The in-house counsel movement itself started as an exercise in labor arbitrage. Law departments found they could hire the same lawyers to do the same work the same way at materially lower cost per capita. “House counsel” was originally a term of disparagement. Before what former GE General Counsel Ben Heinemann termed the “inside counsel revolution,” in-house counsel were seen, and treated, as administrators whose primary purpose was to funnel work to law firms, where the ‘real’ lawyers resided. No more.

Since the late 1990’s, in-house departments have grown at seven and a half times the rate of law firms. In the United States, there are now more in-house lawyers than lawyers in the domestic offices of the Am Law 200.

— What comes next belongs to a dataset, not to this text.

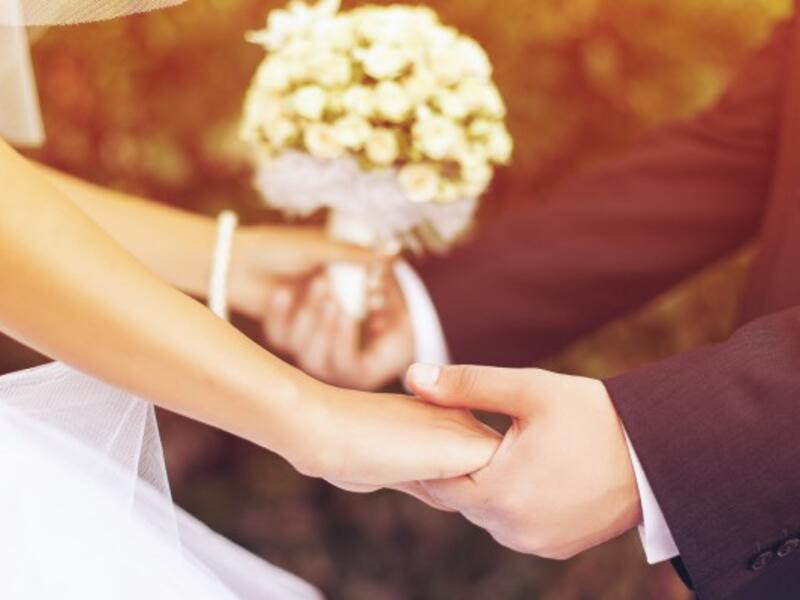 في المملكة العربية السعودية تفاجأ المأذون الشرعي عند عقد قران بطلب والد العروس مهراً غريباً وقيمته 111 ريال سعودي، وعندما سألهما المأذون لماذا هذا المبلغ بالذات؟،أجاباه بأنه رقم جالب للحظ لديهم.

Insourcing not only changed lawyers’ roles but also the way legal services are delivered. Embedded in the enterprise and fully invested in its success, business-first in-house counsel have found ways to cut costs and add business value—e.g., strategic advice, prevention—that extend well beyond being a cost-effective alternative to outside counsel.

A Ceiling on Insourcing?

As large as some law departments have become, there is likely a ceiling on their long-term scalability. In his newest book, Tomorrowland, famed legal market commentator Bruce MacEwan of Adam Smith, Esq. observes, “I doubt that in-house law departments will grow to the sky. The dynamic has tended to be one of oscillation, not steady expansion… At some point the GC’s budget gets the (usually new) CFO’s attention and the department is drastically pruned on the grounds that ‘having a law firm under our roof is not a core competence.’”

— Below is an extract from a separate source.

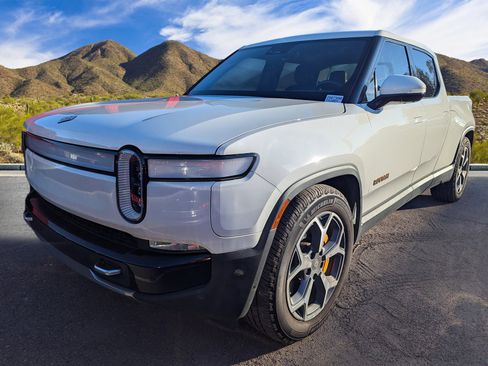 Used 2022 Rivian R1T Adventure image 2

Apart from the scrutiny from Finance, the legal supply chain extends outside the corporation for a real reason. Outside counsel exist to address a sourcing challenge facing nearly all corporate legal functions: the peak load problem. Demand for legal expertise (particularly the truly specialized and actually differentiated sort) tends to be unstable, spiky and varied.

Seen through that lens, the insourcing vs. outsourcing decision isn’t, or at least shouldn’t be, solely about the economics. The real job-to-be-done for corporate counsel in strategic sourcing is appropriate resource matching. In turn, this requires deep and current understanding of the needs of the company as well as the design and management of the optimal mix of delivery models to meet them.

The Legal Operations Boom

As legal departments reach their natural size limits, legal operations has grown as a discipline to build systems that leverage the legal expertise of existing resources through process and technology. Getting away from the legal market’s traditional practice of measuring productivity in hours (more hours = more productivity) the legal ops mindset measures productivity in yield (more for less).

Both the Association of Corporate Counsel Legal Operations Section and the Corporate Legal Operations Consortium (CLOC) date back only to 2015—a year in which legal operations personnel doubled. Now, more than half of in-house departments have some form of legal operations.

Legal operations professionals represent the next step toward insourcing maturity: law departments are turning to legal operations to grow for scale, not size.  ALSPs are the natural partner for legal departments that are operations focused and bringing a systems-oriented approach to legal services delivery.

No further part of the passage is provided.